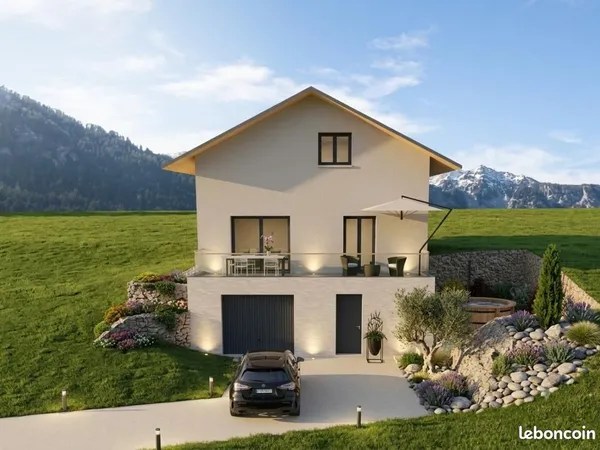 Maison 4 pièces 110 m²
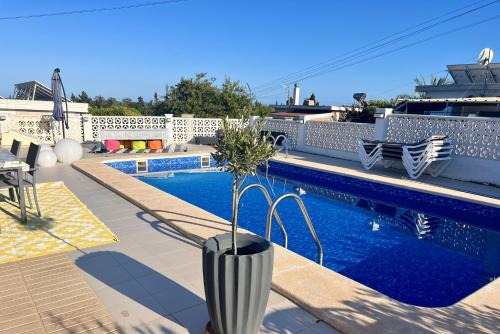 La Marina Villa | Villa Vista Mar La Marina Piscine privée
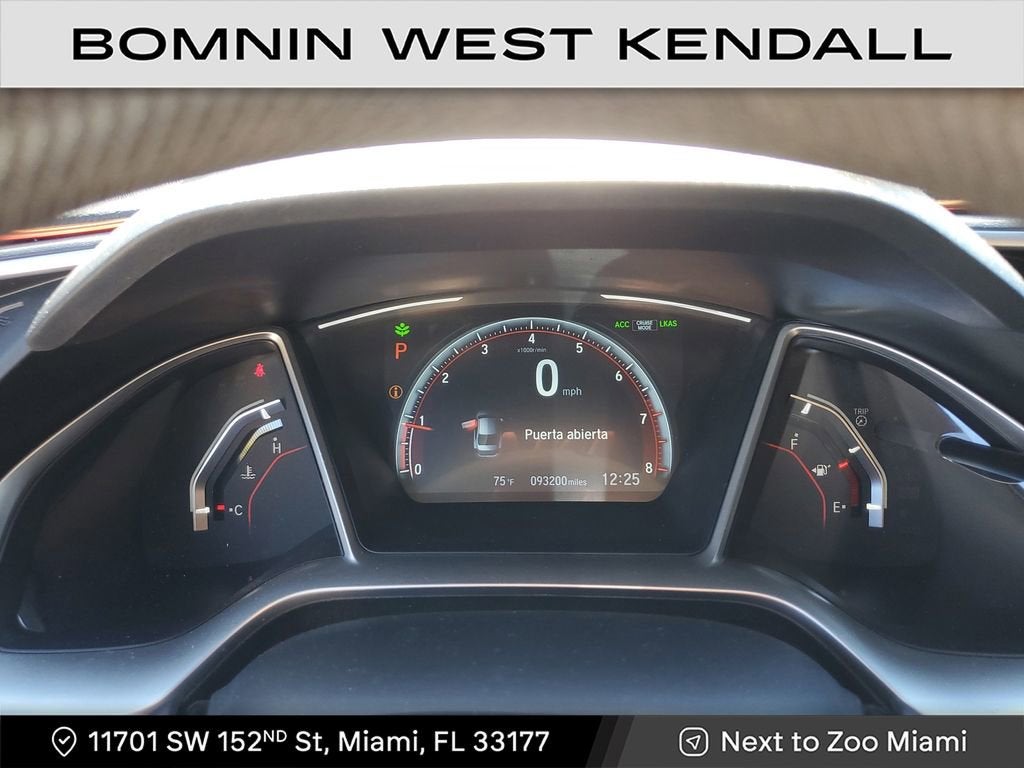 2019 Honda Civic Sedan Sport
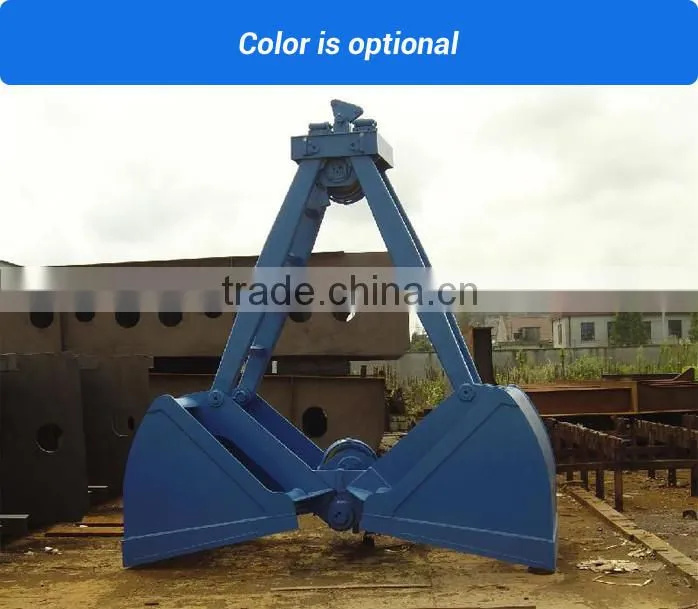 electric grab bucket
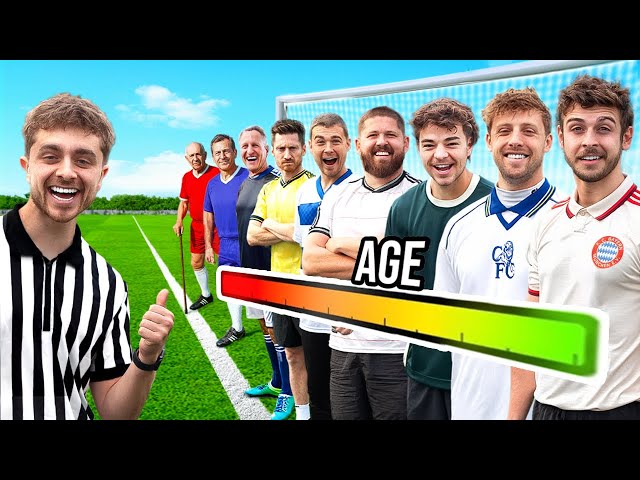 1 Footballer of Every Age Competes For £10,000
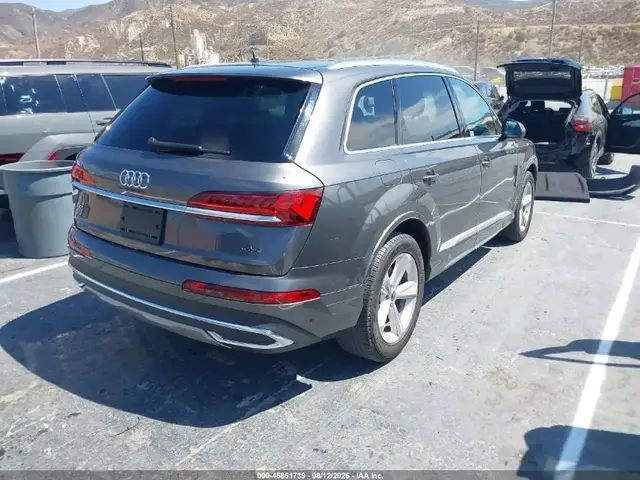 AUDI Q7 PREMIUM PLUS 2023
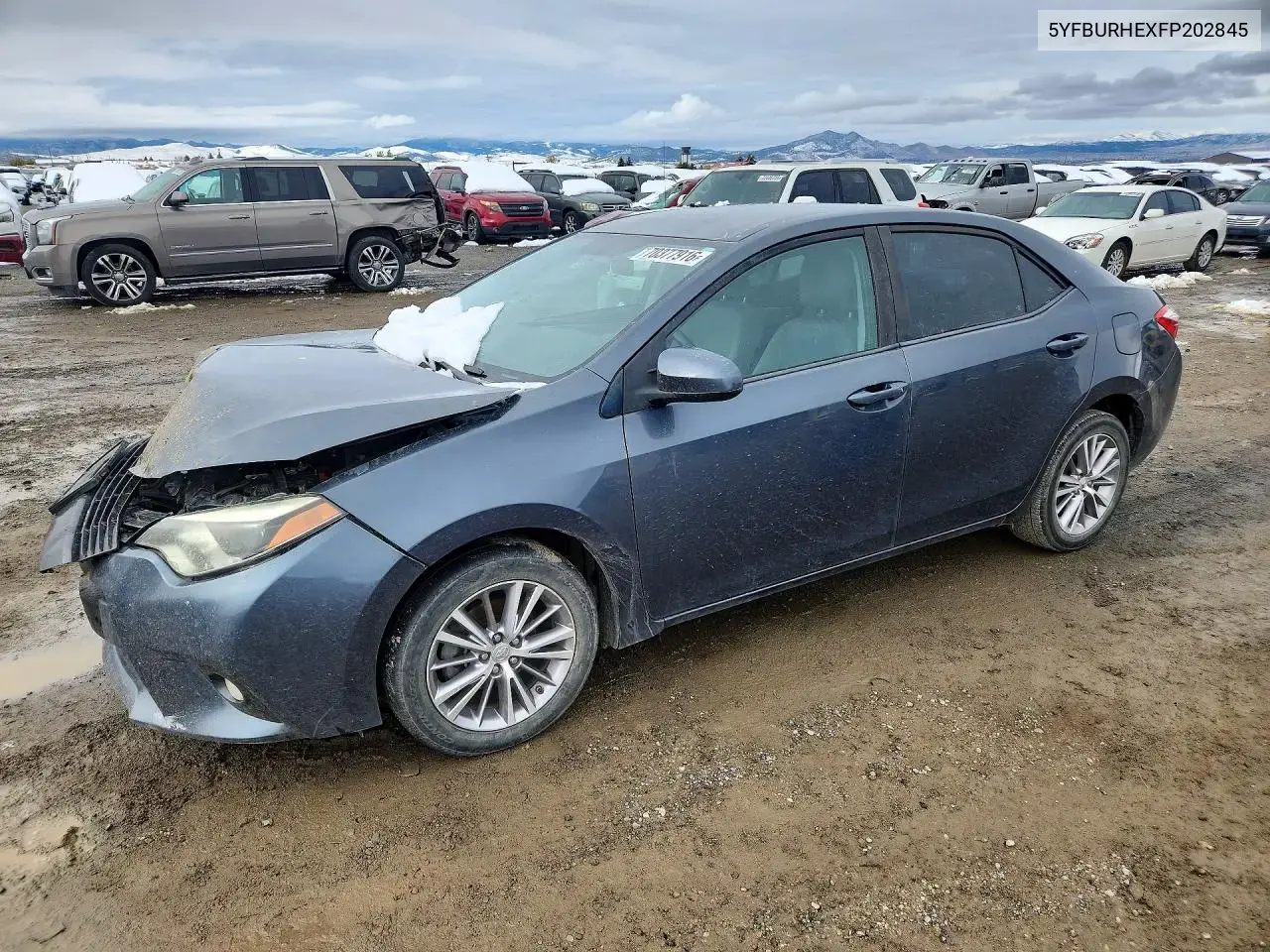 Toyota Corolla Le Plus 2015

━━━━━━━━━━━━━━━━━━━━

Once the pictures have been removed, reproduce each line of the material above exactly.

 Maison 4 pièces 110 m²
 La Marina Villa | Villa Vista Mar La Marina Piscine privée
 2019 Honda Civic Sedan Sport
 electric grab bucket
 1 Footballer of Every Age Competes For £10,000
 AUDI Q7 PREMIUM PLUS 2023
 Toyota Corolla Le Plus 2015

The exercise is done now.